BRILL CLIMATE ACTION GROUP : COMMITTED TO CHANGE

creating a biodiverse garden


A biodiverse garden is one that is overflowing with life. It has an abundance of different plant species and attracts many forms of wildlife. Water is a great magnet for wildlife and is the single easiest way to add wildlife value to a garden. Installing a pond, however tiny - a large pot, an inverted dustbin lid, a bird bath or even just a container of water - in your garden will help many creatures thrive, from birds and dragonflies to frogs and newts. We will explore this topic further in the coming months and provide you with easy ways of creating water features that will encourage wildlife into your garden. Until then, try one or more of this month’s Just One Thing ideas to make your garden more bio-diverse.

 
Two children with a hedgehog hole in a fence.

Making a hedgehog highway (photo from Hedgehog Street website)

Committed to Change: Try Just One Thing

1.Give up pesticides!

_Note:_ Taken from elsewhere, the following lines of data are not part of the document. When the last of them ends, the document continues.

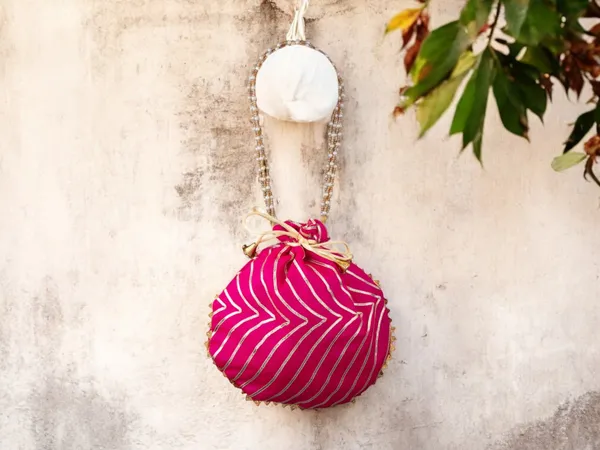 Bandhani_Style_Round_Potli_Bag_With_Golden_Handle_-_Pink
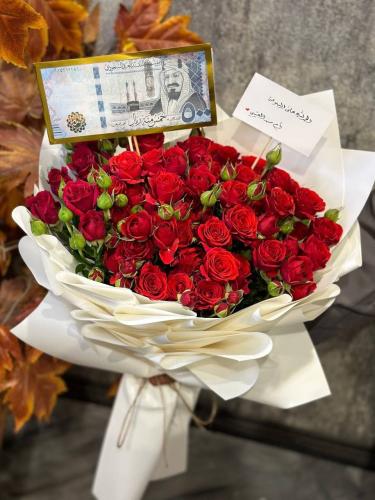 Baby Rose Red bouquet with white wrapping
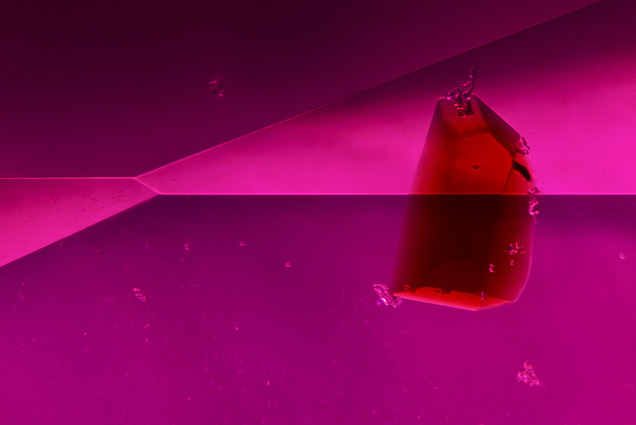 Brownish red staurolite crystal in ruby host.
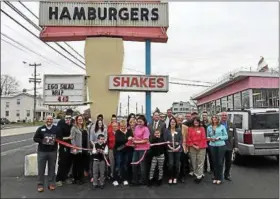  ?? DONNA ROVINS — DIGITAL FIRST MEDIA ?? Deborah Piergrossi took ownership of Lower Pottsgrove’s Hilltop Drive-In restaurant on March 1. Shown here is a ribbon cutting with friends and family to mark the occasion.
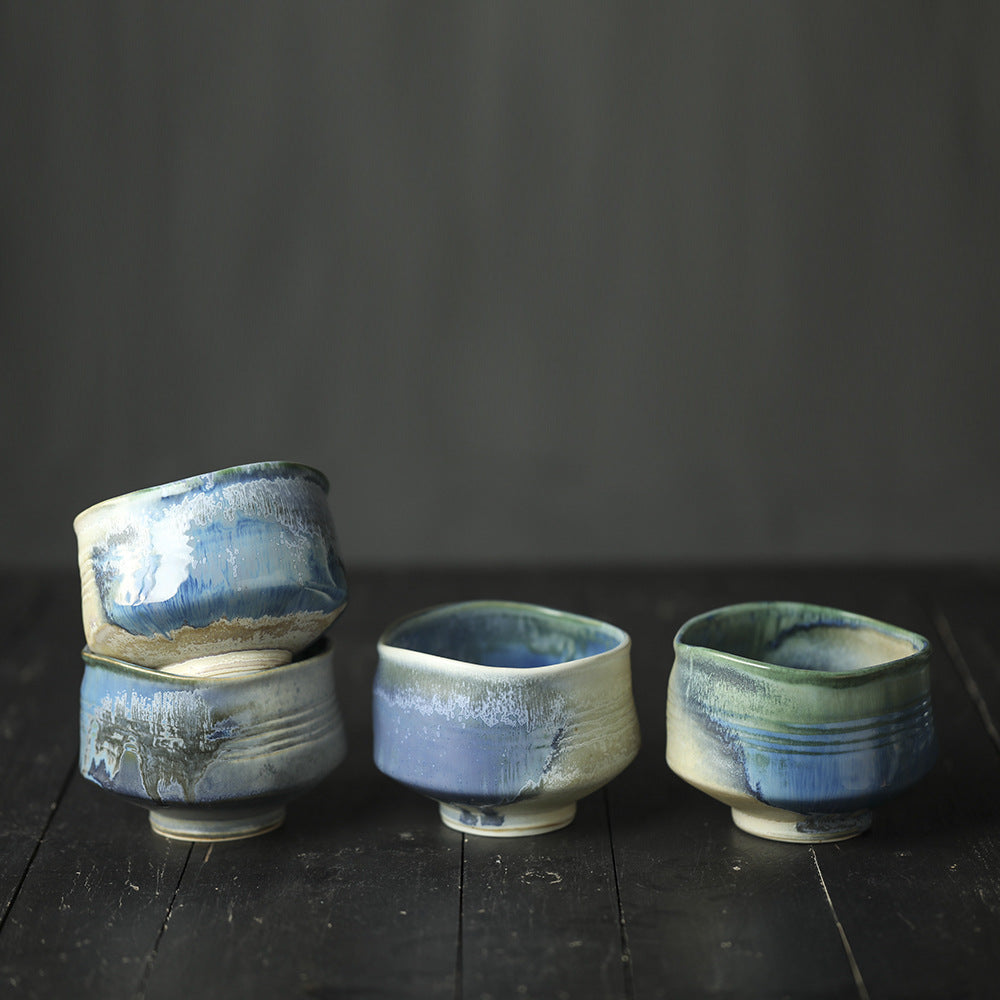 Different styles OF Matcha bowl with BLUE glaze on a dark wooden surface.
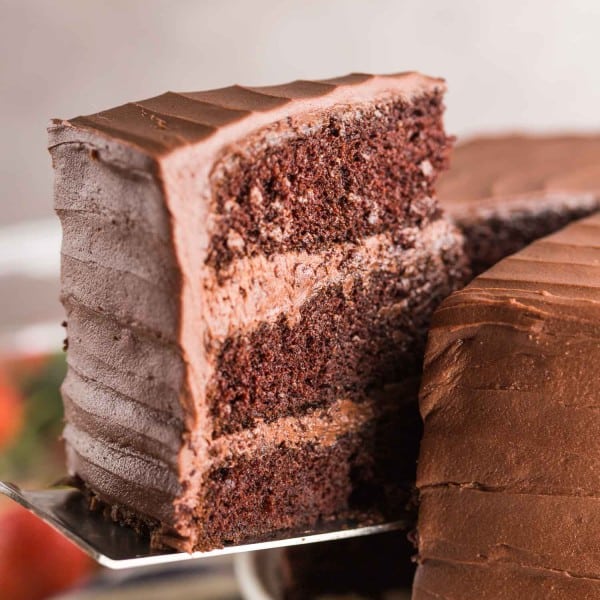 slice of gluten free chocolate cake picked up by a spatula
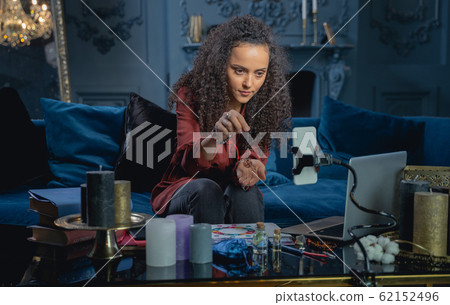 Girl holding a swastika pendant in her hand Girl holding a swastika pendant in her hand 62152496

They are so bad for bees!  If your lawn is treated by a lawn care company, ask for them to only use fertiliser. Weed killers and pesticides disrupt the navigation sensors in bees’ brains and this stops them passing on where to find food to the rest of the hive.

2. Grow fragrant rather than showy flowers. Most butterflies, moths and some insects will find their food plants by smell, not sight, and will travel from garden to garden to locate the correct species.

3. Start a compost heap. Composting is a great way of recycling nutrients and returning these nutrients to your garden soil. Use green garden waste, raw (not cooked) food waste and some brown garden matter (leaves, sawdust from animal bedding, or ripped up cardboard). Compost heaps and mounds of grass clippings also provide an ideal habitat for slow worms.

4. Make a log pile in a shady corner of your garden (somewhere where the wood won’t dry out). Rotting wood is the perfect habitat for many insects and fungi. Try burying a log vertically and leaving it to rot. With a bit of luck, you may create the perfect home for a stag beetle. 

5. Leave an area of the lawn to grow long. Try No Mow May! Long grass is not only food for some butterfly caterpillars but cover for insects and shelter for small mammals such as wood mice, voles and shrews.

6. Make a Hedgehog Highway. A small CD-sized hole in your fence will allow hedgehogs to travel between gardens. Hedgehogs travel long distances every night on their hunt for food so joining your garden with your neighbours will encourage hedgehogs to visit yours. Best of all, hedgehogs are great for gobbling up slugs.

7. Lay a piece of corrugated iron down flat somewhere shady to provide cover for animals such as newts, toads, lizards and snakes.

8. Add bird feeders and nest boxes. Try and provide a range of bird food and feeding stations to encourage different species of birds. Don’t forget that birds like blackbirds, sparrows and thrushes prefer a bird table rather than a feeder.